Federal Express Corp. v. Holowecki, 552 U.S. 389 (2008), was a case decided by the Supreme Court of the United States on February 27, 2008. The ruling provided guidance on what would constitute an adequate filing under the Age Discrimination in Employment Act of 1967 (ADEA).

== Background ==
FedEx implemented new employee policies in 1994–95 requiring supervisors and couriers to set delivery goals per route. The plaintiffs alleged FedEx began using these goals as benchmarks and disproportionately disciplined older couriers who failed to meet them, effectively discriminating by age and unfairly terminating older workers. Under the ADEA, a person may file a civil action 60 days after filing a “charge” with the Equal Employment Opportunity Commission (EEOC). This process would satisfy the exhaustion of administrative remedies, which aims to provide the employer with notice of the claim and ensure that the EEOC has a chance to resolve the claim before a civil action is filed. One of the plaintiffs in this case, Kennedy, filed with the EEOC a Form 283 “Intake Questionnaire” and a signed affidavit more than 60 days before filing suit. The EEOC, however, did not take the usual steps after a filing to process it as a charge. FedEx argued that Kennedy failed to file a charge with the EEOC as required by the ADEA.

== Procedural history ==
The U.S. District Court for the Southern District of New York dismissed the suit, holding that the documents did not constitute a charge, and that Kennedy did not receive a notice of right to sue from the EEOC. The United States Court of Appeals for the Second Circuit reversed, holding that the questionnaire satisfied the charge requirement even though the EEOC did not take action. The Court of Appeals interpreted the term "charge" to include documents filed by Kennedy, since a definition was not provided by the ADEA. The Court also noted that this interpretation would fulfill the ADEA's requirement of providing the EEOC with notice.

== Decision ==
In a 7–2 decision delivered by Justice Kennedy, the Court affirmed the decision of the Court of Appeals and held that the plaintiff met the procedural requirements. The Court accepted the EEOC’s test for determining whether a filing constituted a charge as set forth in its amicus curiae brief as well as internal directives, and decided: “In addition to the information required by the regulations, i.e., an allegation and the name of the charged party, if a filing is to be deemed a charge it must be reasonably construed as a request for the agency to take remedial action to protect the employee’s rights or otherwise settle a dispute between the employer and the employee.” The Court then decided that the documents filed in this case met these requirements.

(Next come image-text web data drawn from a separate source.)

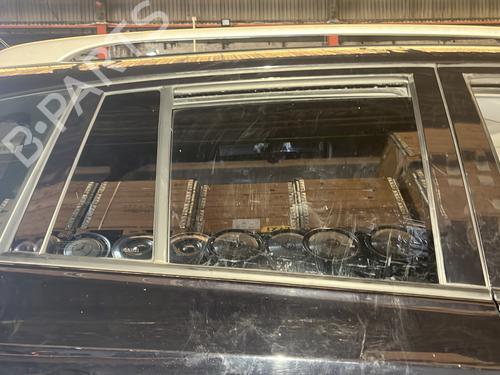 Right rear door RENAULT KOLEOS I (HY_) 2.0 dCi 4x4 (HY0K) | BP28354593C5 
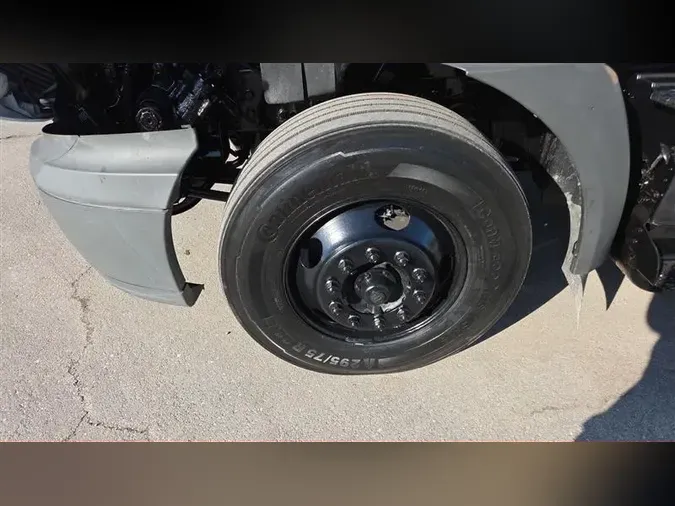 2020 INTERNATIONAL RH613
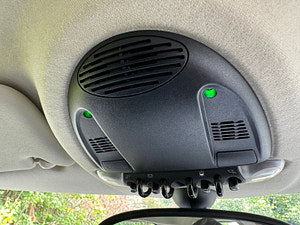 MINI Countryman thumbnail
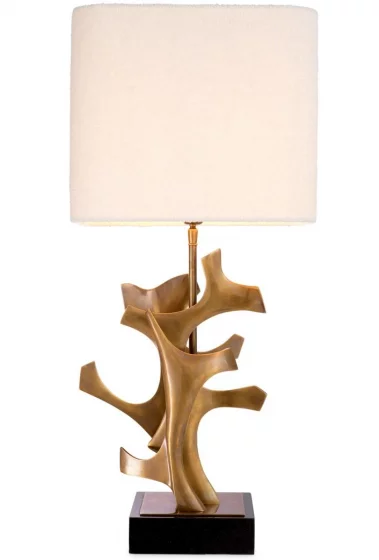 Настольная лампа Agape 18.5X35X85.5 CM 4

The Court noted that without the accompanying affidavit, the questionnaire filed by Kennedy alone would likely not constitute a charge. The Court also stated that although this standard would allow a wide range of documents to qualify as charges, this result was consistent with the ADEA's setup where laypersons instead of lawyers are expected to initiate the administrative process.

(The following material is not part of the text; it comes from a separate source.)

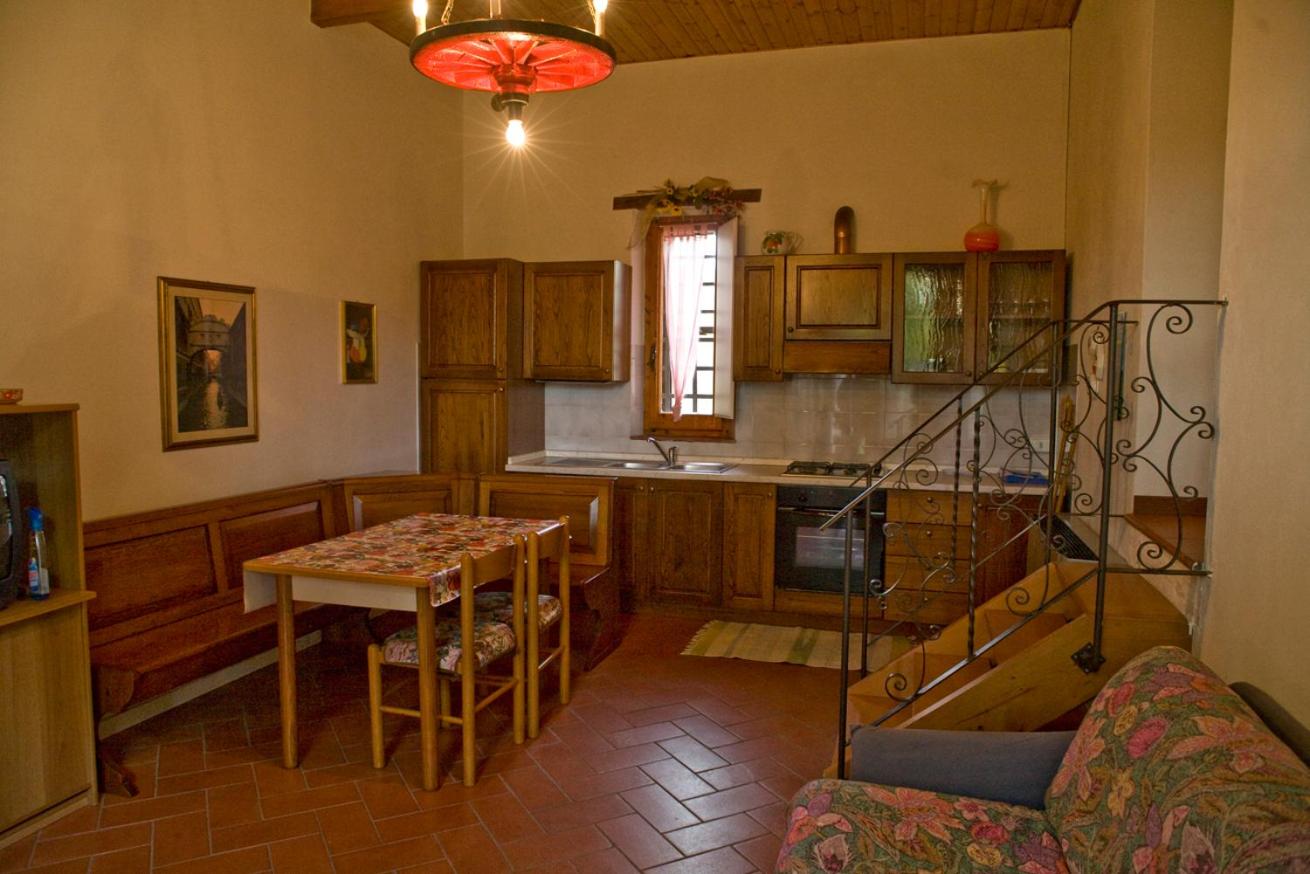 Agriturismo Girasole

Furthermore, the Court noted that although the employer in this case was not notified of the complaint until a formal lawsuit was filed, "[t]he court that hears the merits of this litigation can attempt to remedy this deficiency by staying the proceedings to allow an opportunity for conciliation and settlement." The Court considered this result "unfortunate" but "unavoidable," and stated that the EEOC bears the responsibility to establish a more clear and consistent process in order to avoid future similar misunderstandings and consequences.

Justices Thomas and Scalia dissented. Thomas stated that the majority's ruling would absolve the EEOC of its obligation to administer the law properly. Thomas led the EEOC as its eighth Chairman in the 1980s.

== Response ==
In response to the decision, the EEOC stated, "as the Court noted, the EEOC has taken steps to ensure timely notification to respondents of receipt of intake questionnaires or other correspondence that constitute charges. We will continue to review our procedures as the Court has suggested to ensure that they are clear to the public and consistent with our statutes and regulations."

== Impact ==
Because the opinion specified that the decision would only apply to the ADEA, the ruling would not be a precedent for cases brought under other legislation such as Title I of the ADA or Title VII of the Civil Rights Act.

== Subsequent cases ==
Several later cases followed the decision in Holowecki. In Morrow v. Metro Transit in 2009, the plaintiff filed a questionnaire similar to the one in Holowecki. However, instead of including an affidavit, the plaintiff attached a paragraph with relevant facts. The court held in accordance with Holowecki that the questionnaire alone was not enough and including the paragraph, as opposed to an affidavit, was also not sufficient.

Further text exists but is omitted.